§ **Description of the task**: Your output should be the lines from the one containing "Israel / Palestine - Jerusalem Old Town - Damascus Gate Israel" through the end of the listing, exact and inclusive, with no pictures.

§ **Recorded information**:
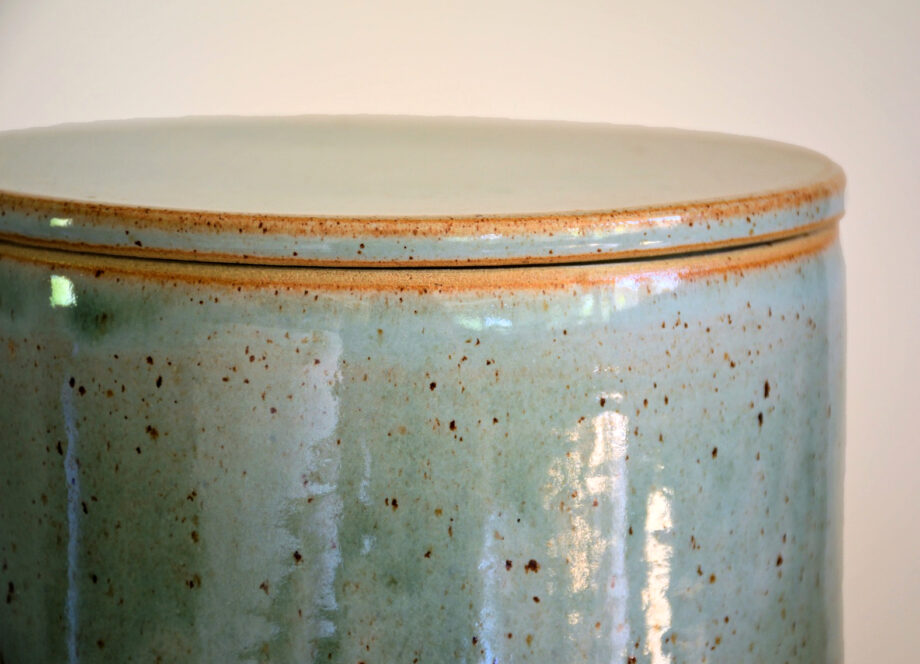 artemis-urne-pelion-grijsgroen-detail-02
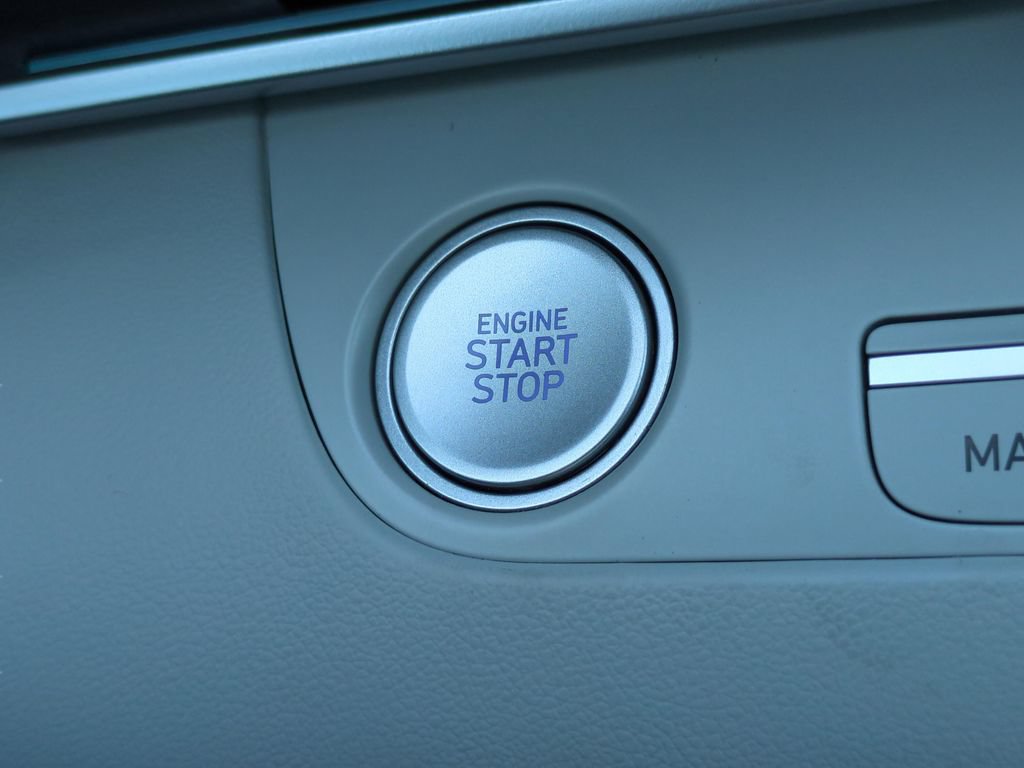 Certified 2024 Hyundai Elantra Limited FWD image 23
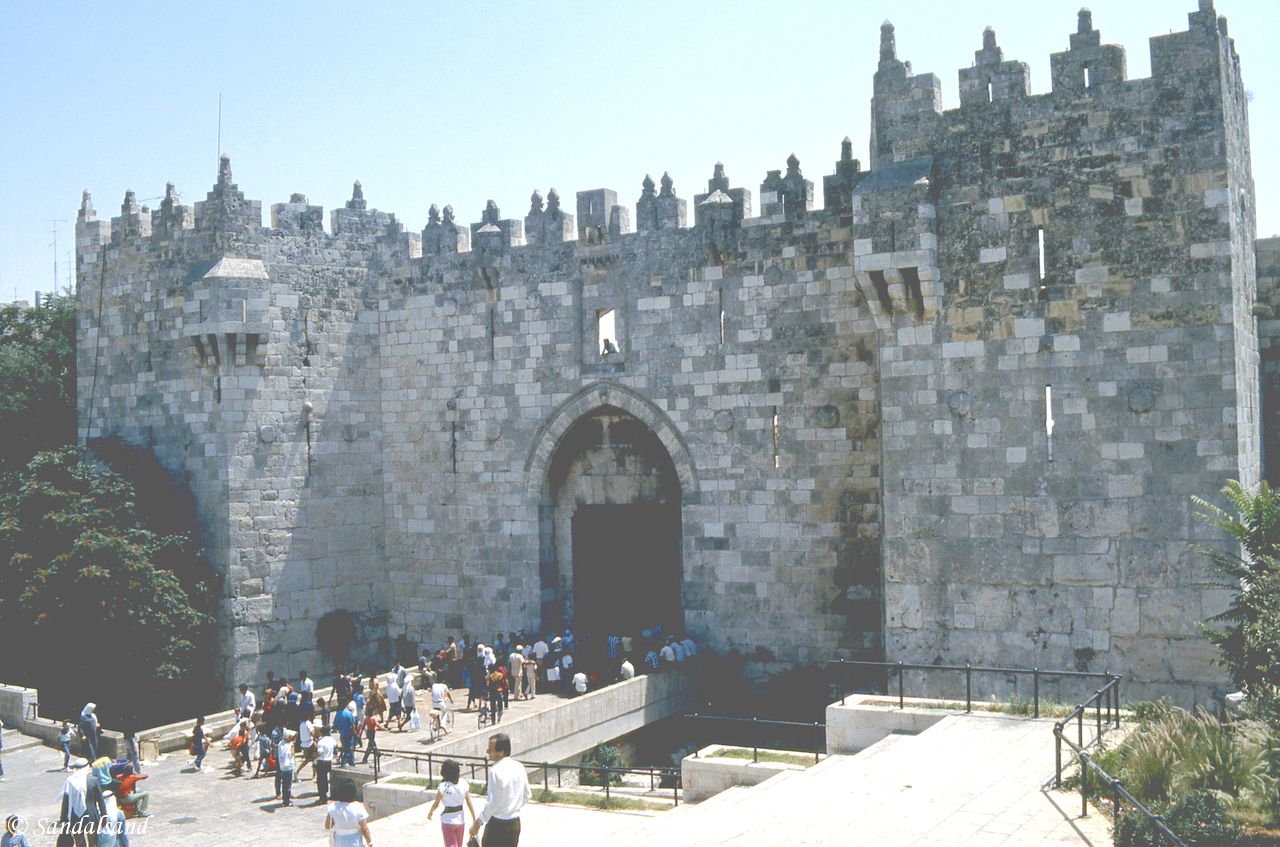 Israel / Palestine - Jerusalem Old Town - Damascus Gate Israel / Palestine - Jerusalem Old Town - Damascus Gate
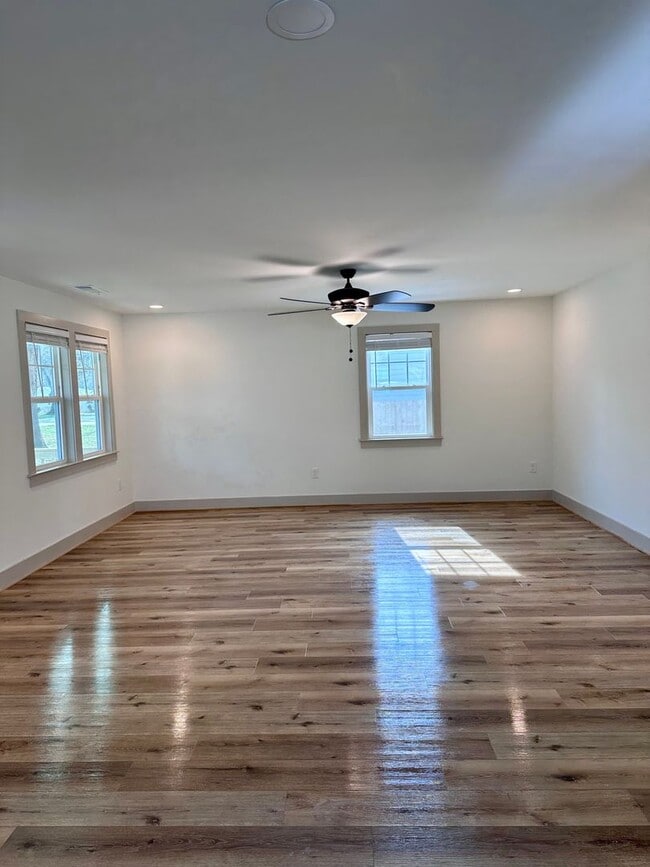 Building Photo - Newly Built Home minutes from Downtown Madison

§ **Answer section**:
 Israel / Palestine - Jerusalem Old Town - Damascus Gate Israel / Palestine - Jerusalem Old Town - Damascus Gate
 Building Photo - Newly Built Home minutes from Downtown Madison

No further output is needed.